-- DATASET RECORDS follows --

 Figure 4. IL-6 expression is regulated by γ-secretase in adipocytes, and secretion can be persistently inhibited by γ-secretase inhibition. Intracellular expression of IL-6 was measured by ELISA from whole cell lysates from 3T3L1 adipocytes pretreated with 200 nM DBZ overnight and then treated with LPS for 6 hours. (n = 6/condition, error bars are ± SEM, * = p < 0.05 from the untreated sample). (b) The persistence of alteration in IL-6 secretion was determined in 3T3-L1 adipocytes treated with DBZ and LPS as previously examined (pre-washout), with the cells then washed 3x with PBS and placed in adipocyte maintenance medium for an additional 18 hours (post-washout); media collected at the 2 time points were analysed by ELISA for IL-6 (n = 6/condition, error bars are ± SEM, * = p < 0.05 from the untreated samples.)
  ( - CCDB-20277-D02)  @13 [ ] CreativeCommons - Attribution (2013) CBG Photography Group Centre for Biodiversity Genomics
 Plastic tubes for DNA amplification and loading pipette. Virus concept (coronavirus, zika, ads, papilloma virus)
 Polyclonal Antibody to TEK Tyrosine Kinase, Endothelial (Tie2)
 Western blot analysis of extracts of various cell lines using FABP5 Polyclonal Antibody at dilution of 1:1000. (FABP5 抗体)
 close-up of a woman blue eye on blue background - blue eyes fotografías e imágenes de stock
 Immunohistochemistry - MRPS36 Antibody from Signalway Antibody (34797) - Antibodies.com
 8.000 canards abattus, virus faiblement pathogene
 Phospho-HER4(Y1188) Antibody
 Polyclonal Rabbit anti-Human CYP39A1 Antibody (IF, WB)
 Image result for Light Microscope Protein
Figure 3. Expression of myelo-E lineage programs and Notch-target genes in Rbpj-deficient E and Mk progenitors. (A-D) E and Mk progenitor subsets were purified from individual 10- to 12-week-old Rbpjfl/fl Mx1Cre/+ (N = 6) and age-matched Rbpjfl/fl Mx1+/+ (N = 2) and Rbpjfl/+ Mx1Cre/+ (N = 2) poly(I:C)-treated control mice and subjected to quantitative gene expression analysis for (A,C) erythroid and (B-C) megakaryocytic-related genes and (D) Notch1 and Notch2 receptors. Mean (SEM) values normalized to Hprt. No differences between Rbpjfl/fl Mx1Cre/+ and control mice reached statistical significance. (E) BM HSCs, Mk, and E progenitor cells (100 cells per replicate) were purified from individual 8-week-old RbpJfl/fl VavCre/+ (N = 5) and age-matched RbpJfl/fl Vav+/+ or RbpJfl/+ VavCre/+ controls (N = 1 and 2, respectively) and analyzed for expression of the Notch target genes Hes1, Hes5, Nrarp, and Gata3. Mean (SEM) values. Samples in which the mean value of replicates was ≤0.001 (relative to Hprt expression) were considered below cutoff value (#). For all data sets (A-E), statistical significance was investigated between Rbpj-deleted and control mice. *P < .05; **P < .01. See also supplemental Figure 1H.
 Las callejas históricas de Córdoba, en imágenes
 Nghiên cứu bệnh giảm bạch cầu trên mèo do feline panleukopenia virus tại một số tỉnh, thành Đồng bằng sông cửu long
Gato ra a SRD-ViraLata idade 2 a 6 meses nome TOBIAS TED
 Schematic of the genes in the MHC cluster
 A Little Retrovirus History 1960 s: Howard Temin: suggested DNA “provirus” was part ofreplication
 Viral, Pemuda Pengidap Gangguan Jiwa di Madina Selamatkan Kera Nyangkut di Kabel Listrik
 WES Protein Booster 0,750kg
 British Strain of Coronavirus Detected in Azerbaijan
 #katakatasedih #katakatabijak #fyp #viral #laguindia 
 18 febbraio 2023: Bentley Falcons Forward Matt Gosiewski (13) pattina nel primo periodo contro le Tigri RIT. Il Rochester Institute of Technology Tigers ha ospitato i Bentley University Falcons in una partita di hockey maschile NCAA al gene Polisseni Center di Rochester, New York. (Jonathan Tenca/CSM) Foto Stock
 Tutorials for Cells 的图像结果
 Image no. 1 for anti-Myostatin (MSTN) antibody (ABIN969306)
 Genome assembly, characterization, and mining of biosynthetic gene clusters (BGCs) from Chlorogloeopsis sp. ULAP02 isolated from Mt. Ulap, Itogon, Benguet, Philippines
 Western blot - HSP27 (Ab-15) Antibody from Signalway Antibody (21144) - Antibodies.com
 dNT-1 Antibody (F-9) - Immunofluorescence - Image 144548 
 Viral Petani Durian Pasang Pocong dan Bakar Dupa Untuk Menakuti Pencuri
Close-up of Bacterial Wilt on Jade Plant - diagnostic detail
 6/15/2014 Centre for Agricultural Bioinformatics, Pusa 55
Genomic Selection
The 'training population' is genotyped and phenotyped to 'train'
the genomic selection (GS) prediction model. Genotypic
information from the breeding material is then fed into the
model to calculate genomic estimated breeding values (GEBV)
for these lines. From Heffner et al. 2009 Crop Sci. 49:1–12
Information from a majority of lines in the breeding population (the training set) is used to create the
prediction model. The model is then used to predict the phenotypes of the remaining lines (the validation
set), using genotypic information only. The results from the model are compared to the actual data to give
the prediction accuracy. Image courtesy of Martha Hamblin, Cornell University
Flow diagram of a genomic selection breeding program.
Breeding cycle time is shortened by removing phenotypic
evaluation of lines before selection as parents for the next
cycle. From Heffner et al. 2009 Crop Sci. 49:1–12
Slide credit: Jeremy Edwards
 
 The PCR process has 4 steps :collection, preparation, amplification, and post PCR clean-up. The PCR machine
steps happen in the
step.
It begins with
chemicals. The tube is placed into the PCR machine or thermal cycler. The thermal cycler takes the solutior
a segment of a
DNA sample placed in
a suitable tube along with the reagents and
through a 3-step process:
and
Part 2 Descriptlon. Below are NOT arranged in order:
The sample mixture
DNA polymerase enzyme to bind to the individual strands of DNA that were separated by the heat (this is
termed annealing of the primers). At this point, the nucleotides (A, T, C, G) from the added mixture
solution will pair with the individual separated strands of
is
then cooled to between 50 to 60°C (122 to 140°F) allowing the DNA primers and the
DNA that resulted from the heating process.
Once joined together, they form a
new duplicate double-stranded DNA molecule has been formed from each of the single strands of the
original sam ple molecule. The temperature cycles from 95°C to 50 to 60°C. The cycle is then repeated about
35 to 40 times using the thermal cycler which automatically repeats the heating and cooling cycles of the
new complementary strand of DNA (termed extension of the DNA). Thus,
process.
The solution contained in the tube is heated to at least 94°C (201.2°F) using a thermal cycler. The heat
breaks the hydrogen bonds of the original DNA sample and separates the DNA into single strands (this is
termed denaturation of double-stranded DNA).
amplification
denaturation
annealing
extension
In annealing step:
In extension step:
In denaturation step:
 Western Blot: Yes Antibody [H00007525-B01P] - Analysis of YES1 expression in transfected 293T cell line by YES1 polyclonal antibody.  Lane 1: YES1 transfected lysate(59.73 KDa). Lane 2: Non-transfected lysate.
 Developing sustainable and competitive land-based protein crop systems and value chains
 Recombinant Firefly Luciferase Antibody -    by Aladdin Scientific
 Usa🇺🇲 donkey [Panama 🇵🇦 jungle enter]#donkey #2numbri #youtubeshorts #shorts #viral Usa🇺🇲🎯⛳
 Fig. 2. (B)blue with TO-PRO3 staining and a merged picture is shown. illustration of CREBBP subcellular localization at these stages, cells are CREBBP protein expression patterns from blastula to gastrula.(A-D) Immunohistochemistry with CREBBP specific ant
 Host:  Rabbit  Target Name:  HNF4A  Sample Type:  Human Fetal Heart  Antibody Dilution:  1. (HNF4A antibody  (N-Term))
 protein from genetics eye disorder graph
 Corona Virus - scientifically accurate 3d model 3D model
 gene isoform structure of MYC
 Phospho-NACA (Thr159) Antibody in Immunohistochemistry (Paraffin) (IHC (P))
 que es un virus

-- DATASET RECORDS concluded --

**REQUIRED ACTION:**
Within the data above, the lines from the one with "the prediction accuracy." to the one with "original sam ple" must be repeated exactly; no other line belongs in the answer.

**RESPONSE AREA:**
the prediction accuracy. Image courtesy of Martha Hamblin, Cornell University
Flow diagram of a genomic selection breeding program.
Breeding cycle time is shortened by removing phenotypic
evaluation of lines before selection as parents for the next
cycle. From Heffner et al. 2009 Crop Sci. 49:1–12
Slide credit: Jeremy Edwards
 
 The PCR process has 4 steps :collection, preparation, amplification, and post PCR clean-up. The PCR machine
steps happen in the
step.
It begins with
chemicals. The tube is placed into the PCR machine or thermal cycler. The thermal cycler takes the solutior
a segment of a
DNA sample placed in
a suitable tube along with the reagents and
through a 3-step process:
and
Part 2 Descriptlon. Below are NOT arranged in order:
The sample mixture
DNA polymerase enzyme to bind to the individual strands of DNA that were separated by the heat (this is
termed annealing of the primers). At this point, the nucleotides (A, T, C, G) from the added mixture
solution will pair with the individual separated strands of
is
then cooled to between 50 to 60°C (122 to 140°F) allowing the DNA primers and the
DNA that resulted from the heating process.
Once joined together, they form a
new duplicate double-stranded DNA molecule has been formed from each of the single strands of the
original sam ple molecule. The temperature cycles from 95°C to 50 to 60°C. The cycle is then repeated about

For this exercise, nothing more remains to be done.